Recent research conducted by the National Highway Traffic Safety Administration (NHTSA) has found that the risk of a rollover crash is greatly increased when 10 or more people ride in a 15-passenger van. This occurs because the passenger weight raises the vehicle’s center of gravity and causes it to shift rearward. The van then has less resistance to rollover and is more difficult to control in an emergency situation. Placing any load on the roof also raises the center of gravity and increases the chance of a rollover.

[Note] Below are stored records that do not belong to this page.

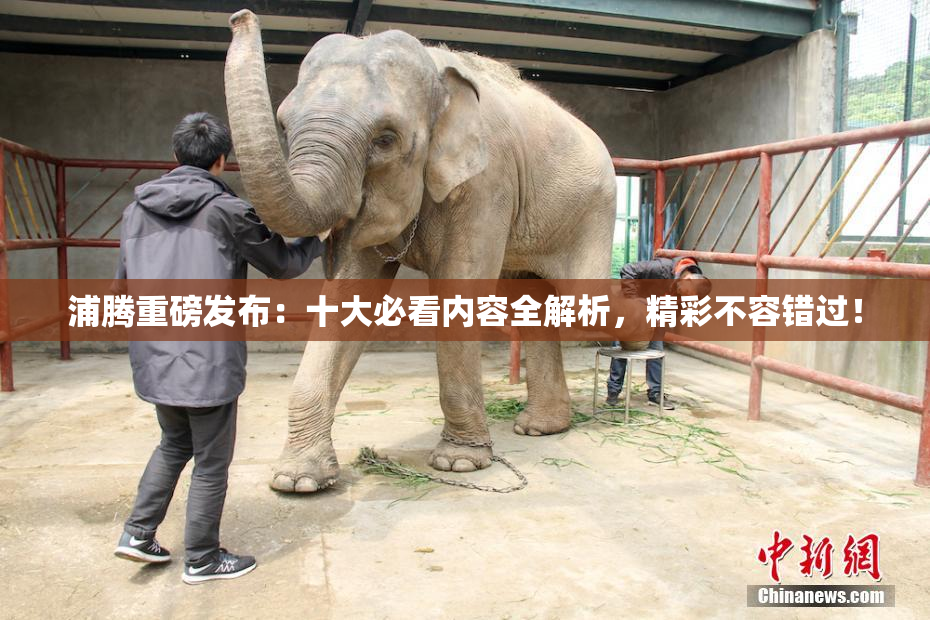 浦腾重磅发布：十大必看内容全解析，精彩不容错过！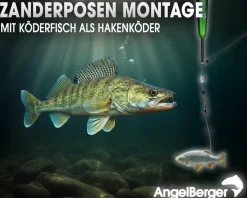 Angel Berger Tele Angelset Zander Rute Rolle mit Zubehör Angelsets
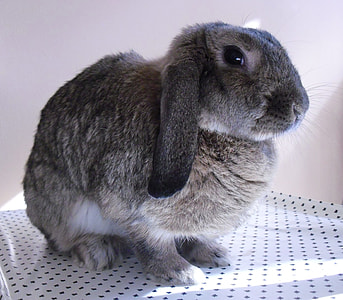 black rabbit thumbnail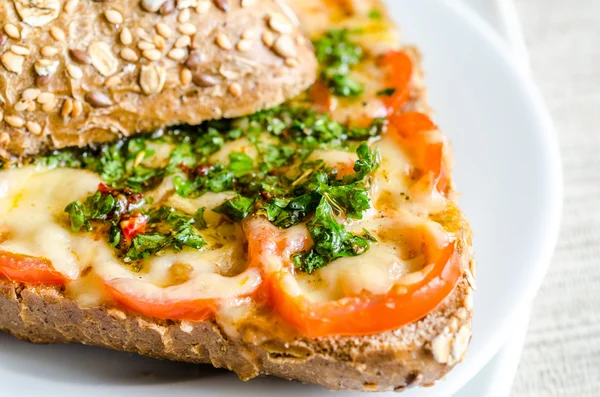 Sandwich with melted cheese and tomatoes — Stock Photo, Image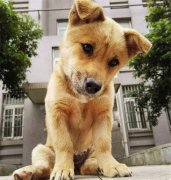 你眼中的土狗，它是我的家人！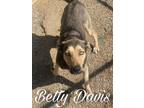 Adopt Betty Davis a Husky, Shepherd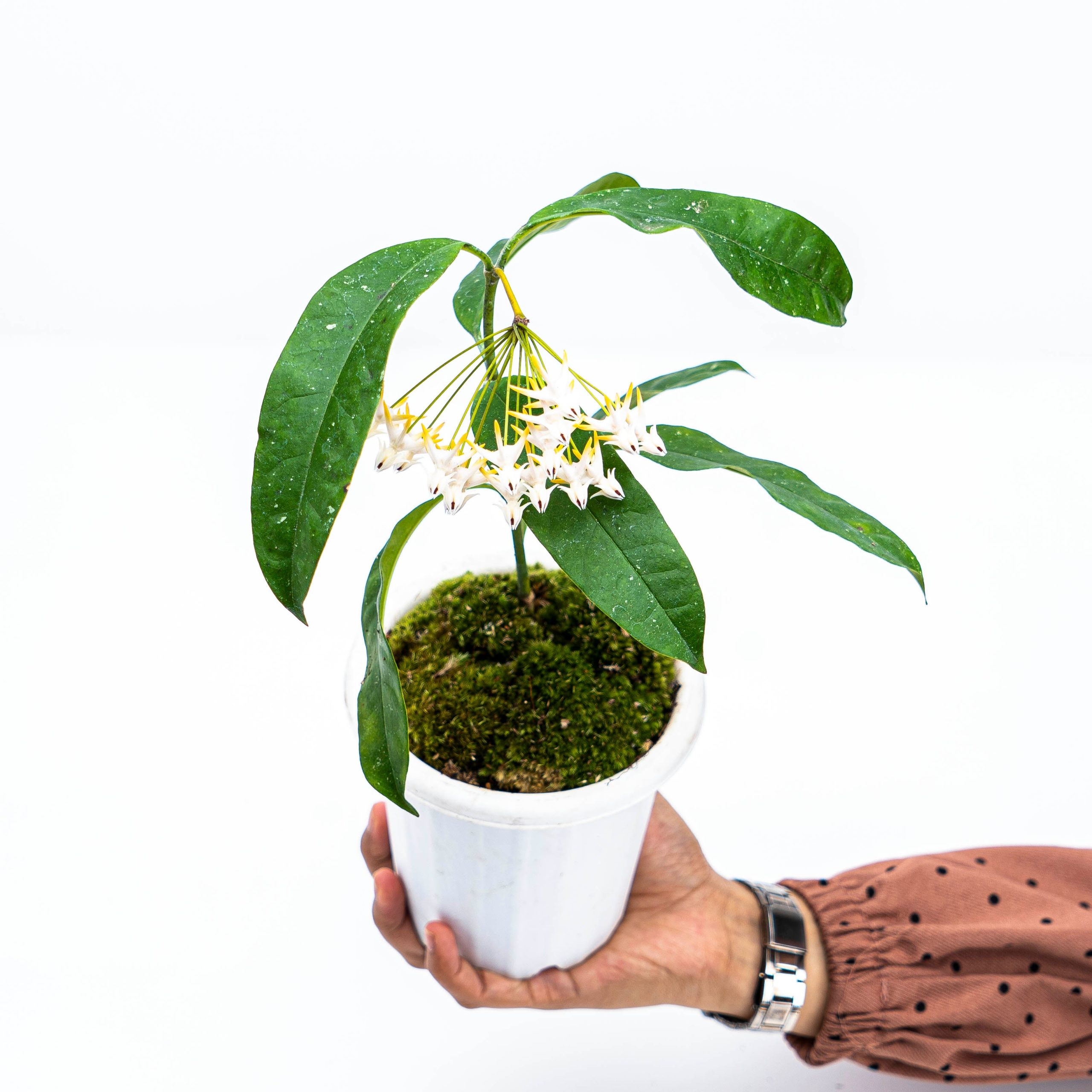 Hoya Multiflora Javanica - Image 7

A rollover crash is a complex event. In studies of single-vehicle crashes, NHTSA discovered that more than 90 percent of rollovers occur after a driver has lost control of the vehicle and has run off the road. NHTSA identified three major situations which led to rollover accidents in 15-passenger vans.
- The van goes off a rural road. In this case, the van is likely to overturn when it strikes a ditch or embankment or travels onto soft soil.

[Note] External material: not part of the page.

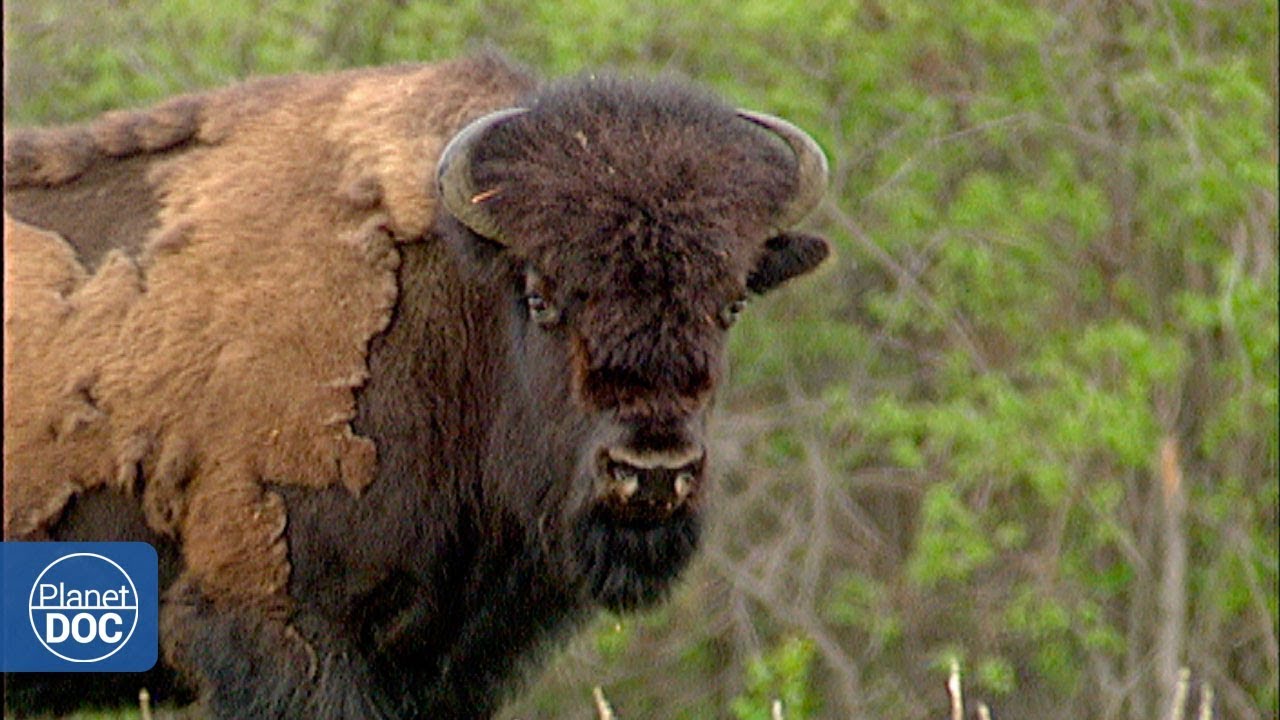 El bisonte americano. Wood Buffalo - Documental Completo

- The driver is fatigued or driving too fast for conditions. A tired driver is more likely to fall asleep at the wheel and lose control. High speeds can cause the van to slide sideways off the road causing the tires to dig into dirt.

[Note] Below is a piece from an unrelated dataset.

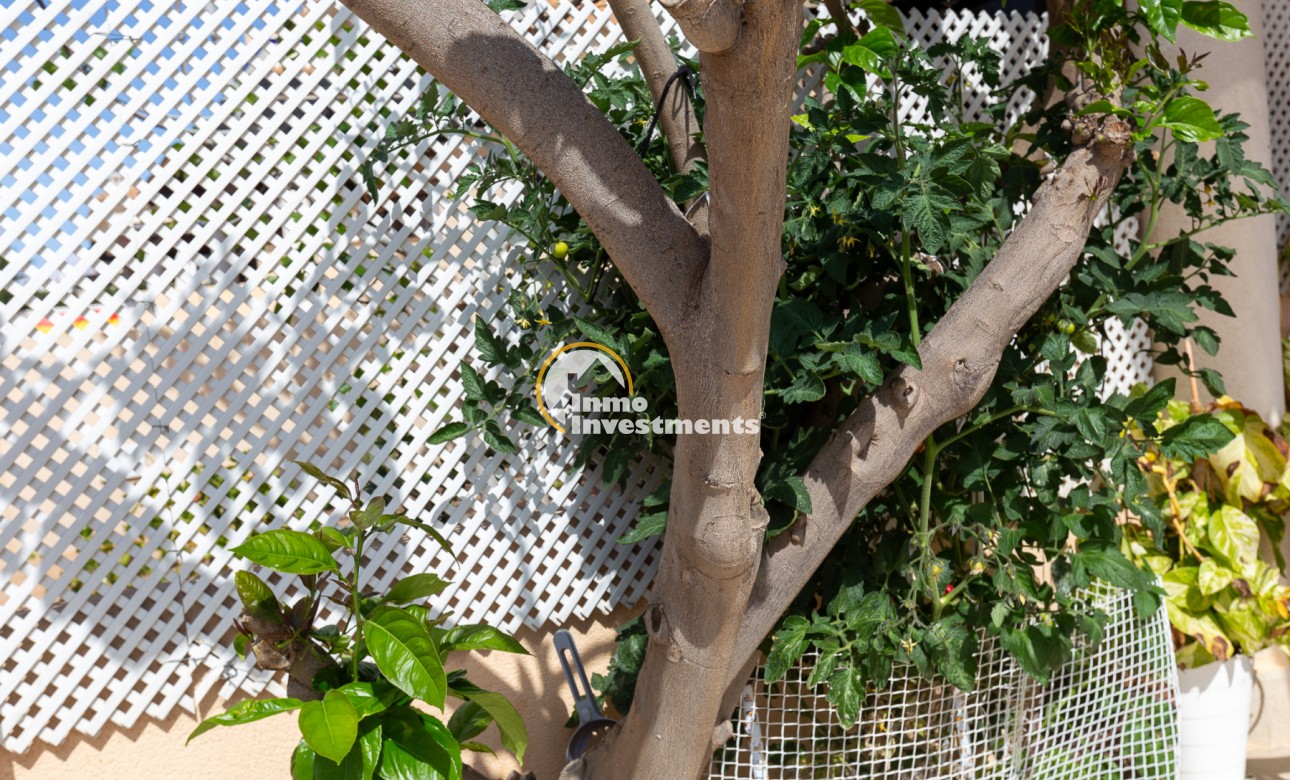 Revente privée - Maison mitoyenne - La Zenia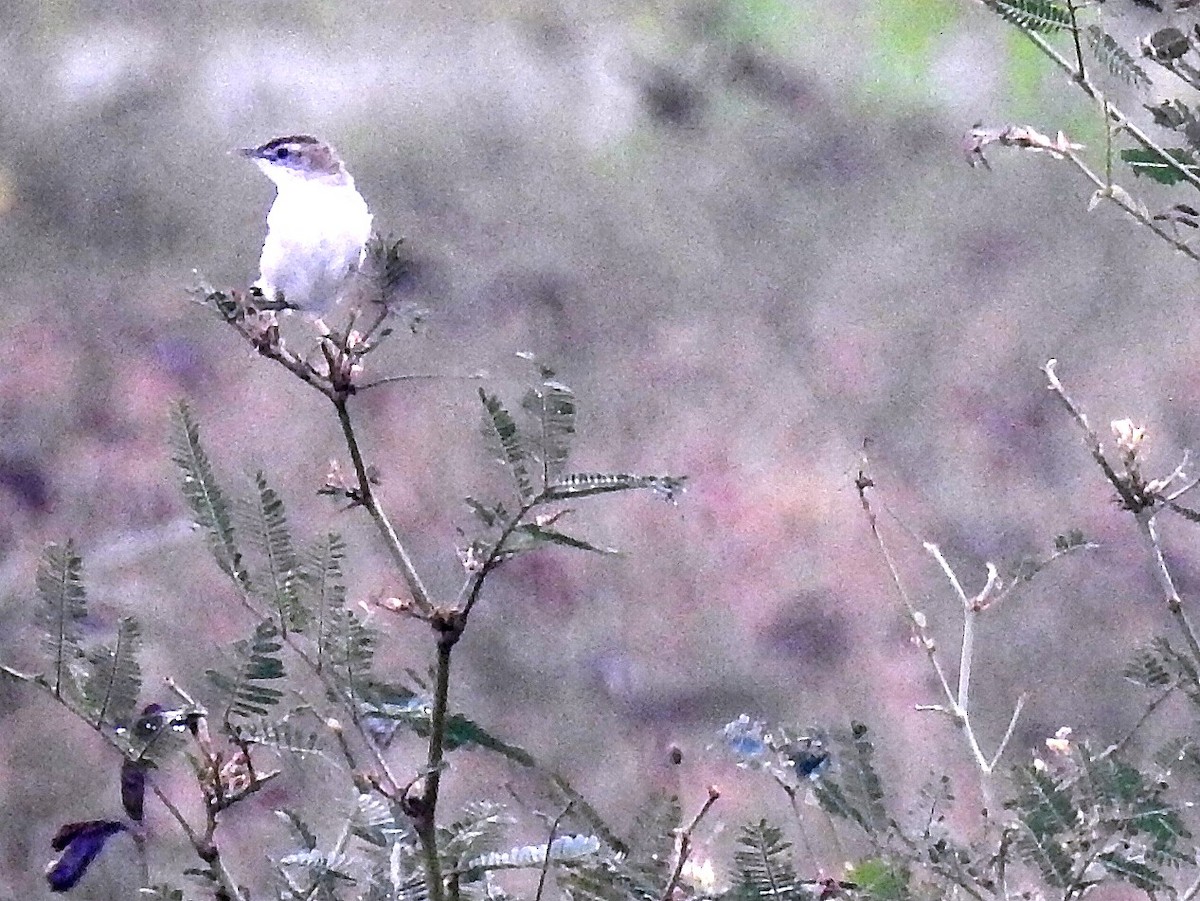 Zitting Cisticola - ML82802271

- The driver overcorrects the steering as a panic reaction to an emergency or to a wheel dropping off the pavement.
In the last ten years over 80 percent of people killed in rollover crashes in 15-passenger vans were unbelted. Seat belt use is especially critical because large numbers of people die in rollover crashes when they are partially or completely thrown from the vehicle. The risk of death or serious injury can be greatly reduced in a rollover crash by the use of seat belts.
Since most rollover crashes involve single vehicles they are often preventable.
NHTSA offers the following tips for drivers to minimize the risk of a rollover crash and serious injury or death:
- Avoid conditions that lead to a loss of control. Never drive while under the influence of alcohol or other drugs. Make sure you are well rested and attentive, and always slow down if the roads are wet or icy.
- Drive cautiously on rural roads. Be particularly cautious on curved rural roads and maintain a safe speed to avoid running off the road.
- Know what to do if your wheels drop off the roadway. If your wheels drop off the roadway, or pavement, gradually reduce speed and steer back onto the roadway when it is safe to do so.
- Properly maintain your tires. Make sure your tires are properly inflated and the tread is not worn down. Worn tires can cause your van to slide sideways on wet or slippery pavement. Improper inflation can cause handling problems and can lead to catastrophic tire failures, such as blowouts. Therefore, check tire pressure and treadwear once a month.
- When a 15-passenger van is not full, passengers should sit in seats that are in front of the rear axle.
- More than 15 people should never be allowed to ride in a 15-passenger van.